> _Task statement_: An exact copy of every record is the expected answer.

-------- Provided records --------

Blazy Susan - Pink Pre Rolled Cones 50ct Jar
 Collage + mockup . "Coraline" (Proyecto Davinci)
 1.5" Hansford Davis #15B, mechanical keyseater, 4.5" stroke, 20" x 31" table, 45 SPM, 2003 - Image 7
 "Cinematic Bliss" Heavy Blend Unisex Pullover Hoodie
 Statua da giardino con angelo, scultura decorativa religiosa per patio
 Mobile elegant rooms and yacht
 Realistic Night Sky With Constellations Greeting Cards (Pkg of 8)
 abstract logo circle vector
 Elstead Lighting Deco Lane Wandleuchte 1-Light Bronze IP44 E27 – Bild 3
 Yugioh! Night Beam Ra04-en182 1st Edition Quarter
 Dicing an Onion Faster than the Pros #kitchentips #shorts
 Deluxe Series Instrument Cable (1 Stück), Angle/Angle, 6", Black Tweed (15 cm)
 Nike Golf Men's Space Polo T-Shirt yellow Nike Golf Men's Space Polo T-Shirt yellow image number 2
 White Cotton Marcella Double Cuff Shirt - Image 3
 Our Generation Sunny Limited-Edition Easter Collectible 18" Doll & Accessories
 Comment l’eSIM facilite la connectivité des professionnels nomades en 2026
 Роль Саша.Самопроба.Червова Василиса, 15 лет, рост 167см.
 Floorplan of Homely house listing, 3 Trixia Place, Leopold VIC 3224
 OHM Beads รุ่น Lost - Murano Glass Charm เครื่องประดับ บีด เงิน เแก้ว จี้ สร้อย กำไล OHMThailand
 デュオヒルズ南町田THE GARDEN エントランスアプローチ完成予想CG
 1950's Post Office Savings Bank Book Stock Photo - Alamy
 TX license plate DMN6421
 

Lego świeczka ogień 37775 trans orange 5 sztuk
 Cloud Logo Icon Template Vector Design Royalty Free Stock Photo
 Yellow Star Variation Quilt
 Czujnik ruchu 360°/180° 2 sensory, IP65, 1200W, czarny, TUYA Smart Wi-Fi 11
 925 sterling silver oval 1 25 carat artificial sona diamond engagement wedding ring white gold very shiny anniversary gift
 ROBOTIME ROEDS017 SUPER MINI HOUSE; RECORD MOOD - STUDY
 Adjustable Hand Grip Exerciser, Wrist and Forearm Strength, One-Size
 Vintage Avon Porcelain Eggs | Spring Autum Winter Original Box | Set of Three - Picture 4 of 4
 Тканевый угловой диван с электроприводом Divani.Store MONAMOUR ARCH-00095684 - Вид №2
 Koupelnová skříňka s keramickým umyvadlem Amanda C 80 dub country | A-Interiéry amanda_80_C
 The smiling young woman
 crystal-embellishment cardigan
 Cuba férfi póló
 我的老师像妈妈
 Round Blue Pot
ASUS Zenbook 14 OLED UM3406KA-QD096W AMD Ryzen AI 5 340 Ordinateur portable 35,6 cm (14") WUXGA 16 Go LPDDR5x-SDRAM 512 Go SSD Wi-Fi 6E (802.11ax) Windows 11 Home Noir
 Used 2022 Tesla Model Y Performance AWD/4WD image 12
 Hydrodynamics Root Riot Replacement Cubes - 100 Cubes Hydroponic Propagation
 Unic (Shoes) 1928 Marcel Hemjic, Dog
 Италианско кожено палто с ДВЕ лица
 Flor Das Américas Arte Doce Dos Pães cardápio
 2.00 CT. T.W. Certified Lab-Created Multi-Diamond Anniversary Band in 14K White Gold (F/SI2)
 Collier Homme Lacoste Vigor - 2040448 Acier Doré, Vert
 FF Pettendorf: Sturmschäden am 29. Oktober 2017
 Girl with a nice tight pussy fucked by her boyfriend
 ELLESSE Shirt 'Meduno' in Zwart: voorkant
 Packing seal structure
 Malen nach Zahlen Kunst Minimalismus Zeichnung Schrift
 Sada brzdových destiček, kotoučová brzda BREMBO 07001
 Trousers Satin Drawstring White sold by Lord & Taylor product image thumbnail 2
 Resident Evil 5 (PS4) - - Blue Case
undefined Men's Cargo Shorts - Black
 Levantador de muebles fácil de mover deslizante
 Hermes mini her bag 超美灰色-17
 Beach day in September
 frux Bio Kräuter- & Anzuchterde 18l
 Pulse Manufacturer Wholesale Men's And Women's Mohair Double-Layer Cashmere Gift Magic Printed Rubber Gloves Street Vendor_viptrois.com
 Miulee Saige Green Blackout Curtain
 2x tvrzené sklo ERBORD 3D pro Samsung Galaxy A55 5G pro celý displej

--------

> _Response to the exercise_:
Blazy Susan - Pink Pre Rolled Cones 50ct Jar
 Collage + mockup . "Coraline" (Proyecto Davinci)
 1.5" Hansford Davis #15B, mechanical keyseater, 4.5" stroke, 20" x 31" table, 45 SPM, 2003 - Image 7
 "Cinematic Bliss" Heavy Blend Unisex Pullover Hoodie
 Statua da giardino con angelo, scultura decorativa religiosa per patio
 Mobile elegant rooms and yacht
 Realistic Night Sky With Constellations Greeting Cards (Pkg of 8)
 abstract logo circle vector
 Elstead Lighting Deco Lane Wandleuchte 1-Light Bronze IP44 E27 – Bild 3
 Yugioh! Night Beam Ra04-en182 1st Edition Quarter
 Dicing an Onion Faster than the Pros #kitchentips #shorts
 Deluxe Series Instrument Cable (1 Stück), Angle/Angle, 6", Black Tweed (15 cm)
 Nike Golf Men's Space Polo T-Shirt yellow Nike Golf Men's Space Polo T-Shirt yellow image number 2
 White Cotton Marcella Double Cuff Shirt - Image 3
 Our Generation Sunny Limited-Edition Easter Collectible 18" Doll & Accessories
 Comment l’eSIM facilite la connectivité des professionnels nomades en 2026
 Роль Саша.Самопроба.Червова Василиса, 15 лет, рост 167см.
 Floorplan of Homely house listing, 3 Trixia Place, Leopold VIC 3224
 OHM Beads รุ่น Lost - Murano Glass Charm เครื่องประดับ บีด เงิน เแก้ว จี้ สร้อย กำไล OHMThailand
 デュオヒルズ南町田THE GARDEN エントランスアプローチ完成予想CG
 1950's Post Office Savings Bank Book Stock Photo - Alamy
 TX license plate DMN6421
 

Lego świeczka ogień 37775 trans orange 5 sztuk
 Cloud Logo Icon Template Vector Design Royalty Free Stock Photo
 Yellow Star Variation Quilt
 Czujnik ruchu 360°/180° 2 sensory, IP65, 1200W, czarny, TUYA Smart Wi-Fi 11
 925 sterling silver oval 1 25 carat artificial sona diamond engagement wedding ring white gold very shiny anniversary gift
 ROBOTIME ROEDS017 SUPER MINI HOUSE; RECORD MOOD - STUDY
 Adjustable Hand Grip Exerciser, Wrist and Forearm Strength, One-Size
 Vintage Avon Porcelain Eggs | Spring Autum Winter Original Box | Set of Three - Picture 4 of 4
 Тканевый угловой диван с электроприводом Divani.Store MONAMOUR ARCH-00095684 - Вид №2
 Koupelnová skříňka s keramickým umyvadlem Amanda C 80 dub country | A-Interiéry amanda_80_C
 The smiling young woman
 crystal-embellishment cardigan
 Cuba férfi póló
 我的老师像妈妈
 Round Blue Pot
ASUS Zenbook 14 OLED UM3406KA-QD096W AMD Ryzen AI 5 340 Ordinateur portable 35,6 cm (14") WUXGA 16 Go LPDDR5x-SDRAM 512 Go SSD Wi-Fi 6E (802.11ax) Windows 11 Home Noir
 Used 2022 Tesla Model Y Performance AWD/4WD image 12
 Hydrodynamics Root Riot Replacement Cubes - 100 Cubes Hydroponic Propagation
 Unic (Shoes) 1928 Marcel Hemjic, Dog
 Италианско кожено палто с ДВЕ лица
 Flor Das Américas Arte Doce Dos Pães cardápio
 2.00 CT. T.W. Certified Lab-Created Multi-Diamond Anniversary Band in 14K White Gold (F/SI2)
 Collier Homme Lacoste Vigor - 2040448 Acier Doré, Vert
 FF Pettendorf: Sturmschäden am 29. Oktober 2017
 Girl with a nice tight pussy fucked by her boyfriend
 ELLESSE Shirt 'Meduno' in Zwart: voorkant
 Packing seal structure
 Malen nach Zahlen Kunst Minimalismus Zeichnung Schrift
 Sada brzdových destiček, kotoučová brzda BREMBO 07001
 Trousers Satin Drawstring White sold by Lord & Taylor product image thumbnail 2
 Resident Evil 5 (PS4) - - Blue Case
undefined Men's Cargo Shorts - Black
 Levantador de muebles fácil de mover deslizante
 Hermes mini her bag 超美灰色-17
 Beach day in September
 frux Bio Kräuter- & Anzuchterde 18l
 Pulse Manufacturer Wholesale Men's And Women's Mohair Double-Layer Cashmere Gift Magic Printed Rubber Gloves Street Vendor_viptrois.com
 Miulee Saige Green Blackout Curtain
 2x tvrzené sklo ERBORD 3D pro Samsung Galaxy A55 5G pro celý displej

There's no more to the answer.